[[ Given information open ]]
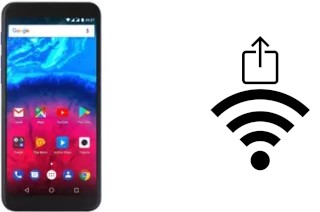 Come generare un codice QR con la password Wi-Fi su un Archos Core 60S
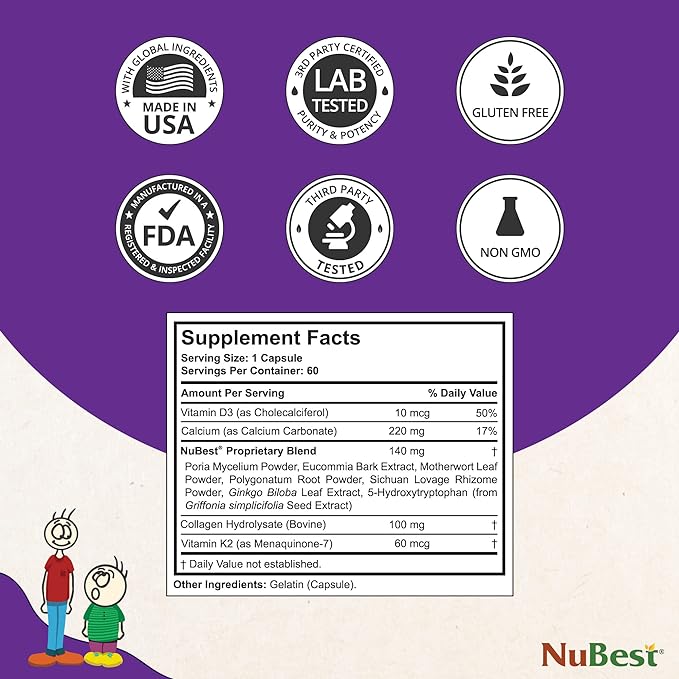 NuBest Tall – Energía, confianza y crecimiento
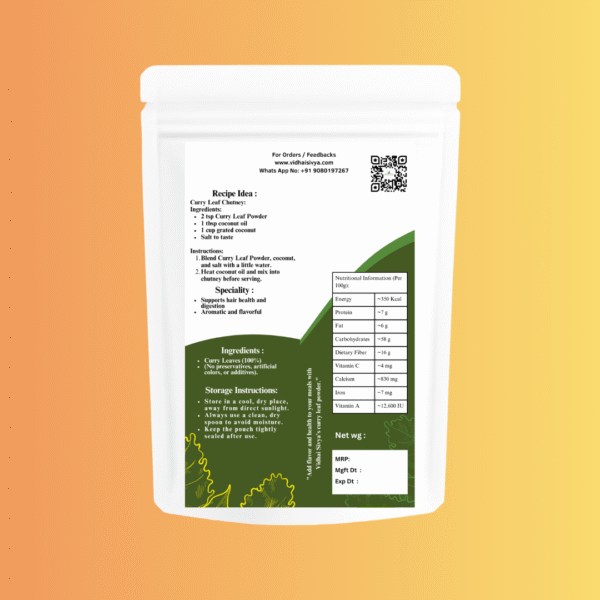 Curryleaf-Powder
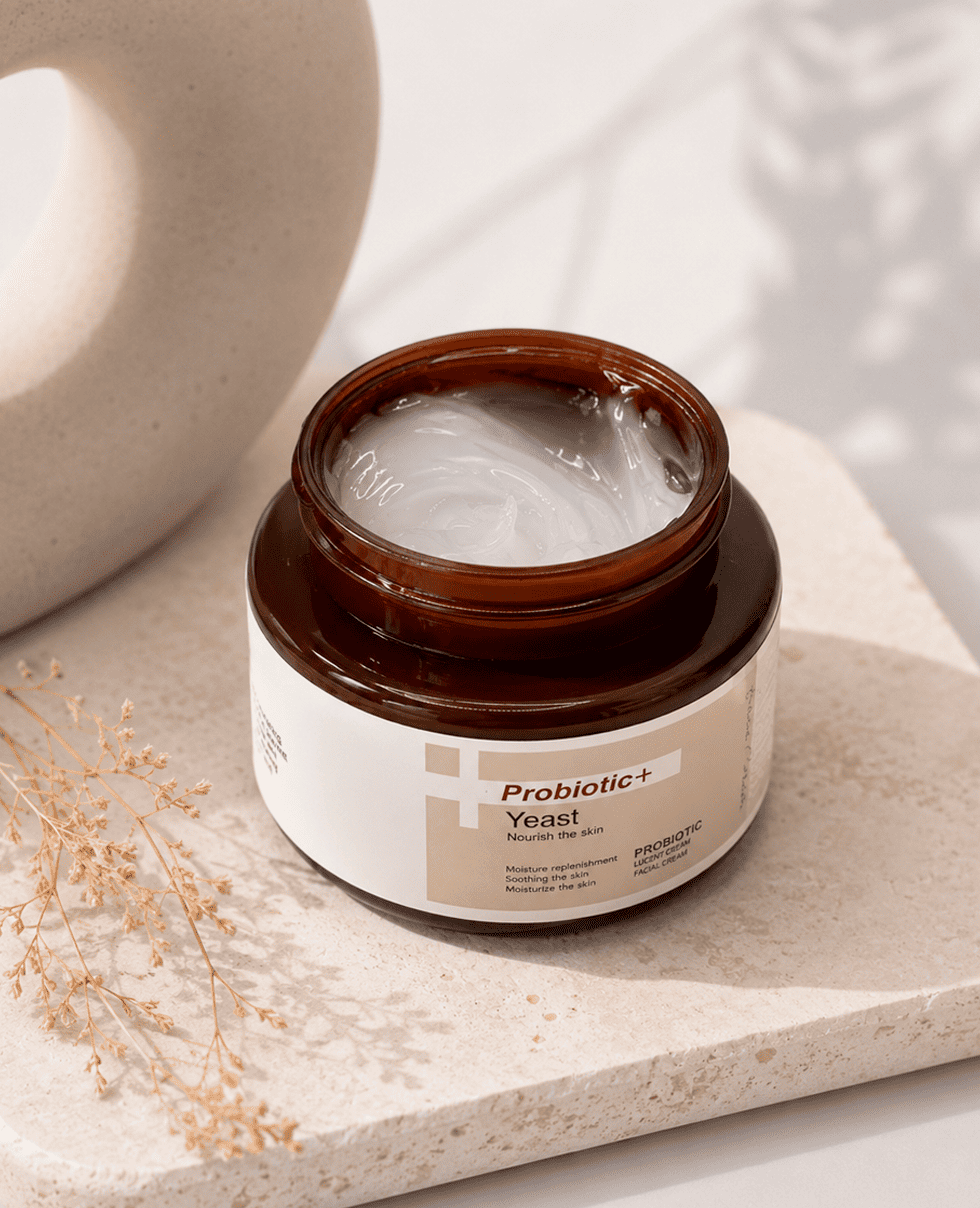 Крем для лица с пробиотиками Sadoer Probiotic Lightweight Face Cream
[[ Given information closed ]]
** Assigned task **
Reproduce every line above exactly, pictures excluded.

** Answer area **
 Come generare un codice QR con la password Wi-Fi su un Archos Core 60S
 NuBest Tall – Energía, confianza y crecimiento
 Curryleaf-Powder
 Крем для лица с пробиотиками Sadoer Probiotic Lightweight Face Cream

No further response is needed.